====== Data for processing

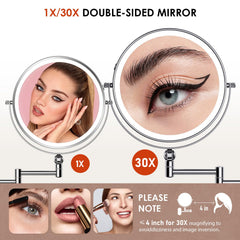 Miroir ZLOKLA double face 1X/30X pour maquillage et détails nets.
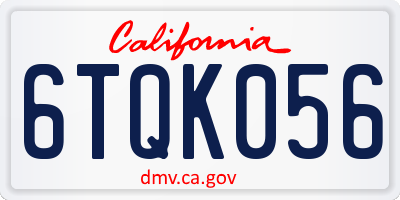 CA license plate 6TQK056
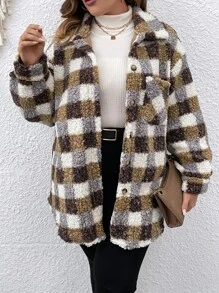 SHEIN LUNE 大碼大方格圖案落肩袖法蘭絨外套 - 摩卡棕 - 查看 1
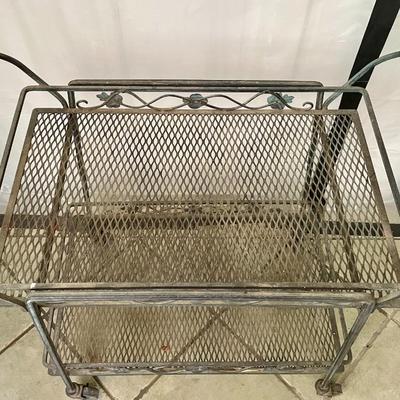 Wrought iron rolling patio bar/drink cart with removable tray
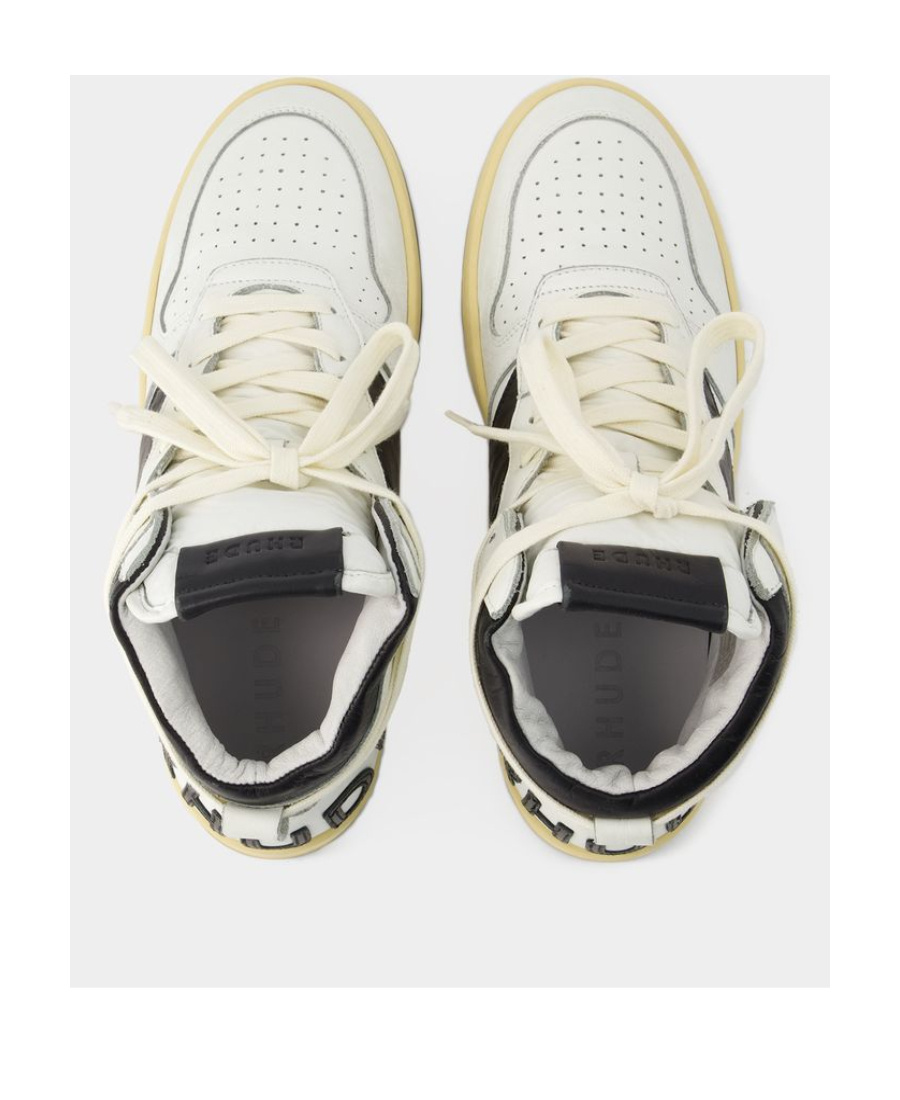 Rhude Rhecess Smooth High-top Sneakers In White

============

All entries above are to be restated exactly, with every image omitted.

 Miroir ZLOKLA double face 1X/30X pour maquillage et détails nets.
 CA license plate 6TQK056
 SHEIN LUNE 大碼大方格圖案落肩袖法蘭絨外套 - 摩卡棕 - 查看 1
 Wrought iron rolling patio bar/drink cart with removable tray
 Rhude Rhecess Smooth High-top Sneakers In White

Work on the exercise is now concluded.